A just-enacted 500-page transportation bill (the FAST Act) contains provisions nicknamed JOBS Act 2.0 (after the popular JOBS Act of 2012), which liberalized aspects of federal securities to encourage capital formation.

JOBS Act 2.0 implements the following further relief for reporting companies and investors in private companies:

  • Effective immediately, reduces from 21 to 15 the number of days between public release by an emerging growth company of a confidential Securities Act draft registration statement submission and commencement of a road show.
  • Continues to treat as an EGC an issuer that submits a DRS or files a registration statement and subsequently ceases to qualify until the earlier of the closing of the issuer’s IPO or the first anniversary of the date on which it ceased to qualify.
  • Permits an EGC to exclude from a DRS or registration statement any financial statements that the EGC reasonably believes will not be required to be included at the time the registration statement is effective, as long as the EGC includes all required financial statements in the registration statement before distributing a preliminary prospectus. Depending on the timing of effectiveness relative to an EGC’s fiscal year, this change could significantly reduce the amount of work needed to prepare a DRS. This section of the FAST Act becomes effective Jan. 3, 2016.
  • Permits “forward incorporation by reference” into registration statements on Form S-1 by smaller reporting companies, making it easier for  them to maintain effectiveness of their Form S-1 registration statements. SEC action required to implement this revision to Form S-1 must be taken by Jan. 18, 2016.
  • Codifies, effective immediately, the so-called Section 4(a)(1 1/2) exemption for private resales of restricted securities to accredited investors.

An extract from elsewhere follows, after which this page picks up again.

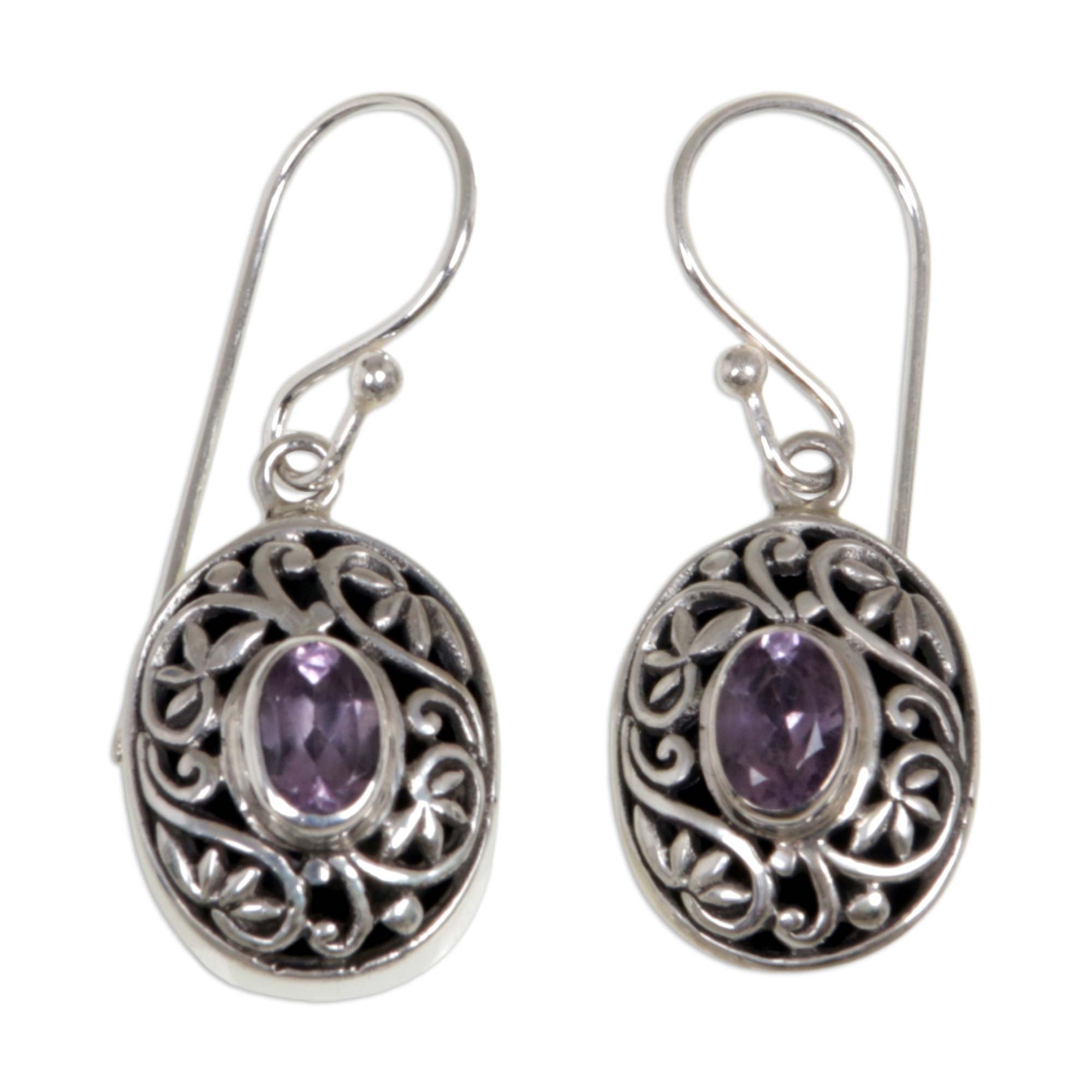 Premium Wild Beauty Amethyst Sterling Silver Dangle Earrings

The FAST Act also requires the SEC by June 1, 2016, to:

  • Revise Regulation S-K — the combined reporting standards applicable to virtually all domestic SEC reporting companies to reduce cost and burdens on EGCs, smaller reporting companies and other smaller issuers, and to eliminate duplicative, overlapping, outdated or otherwise unnecessary provisions for which no further study (as described below) is necessary.
  • Permit the annual report on Form 10-K to include a summary page, as long as each item on the summary page includes a cross-reference (by electronic link or otherwise) to the related discussion in the annual report.

The SEC is also required to conduct a “modernization” study of Regulation S-K in consultation with the Investor Advisory Committee and Advisory Committee on Small and Emerging Companies, to issue a corresponding report to Congress not later than Nov. 28, 2016, and to implement the recommendations of that report by Nov. 23, 2017.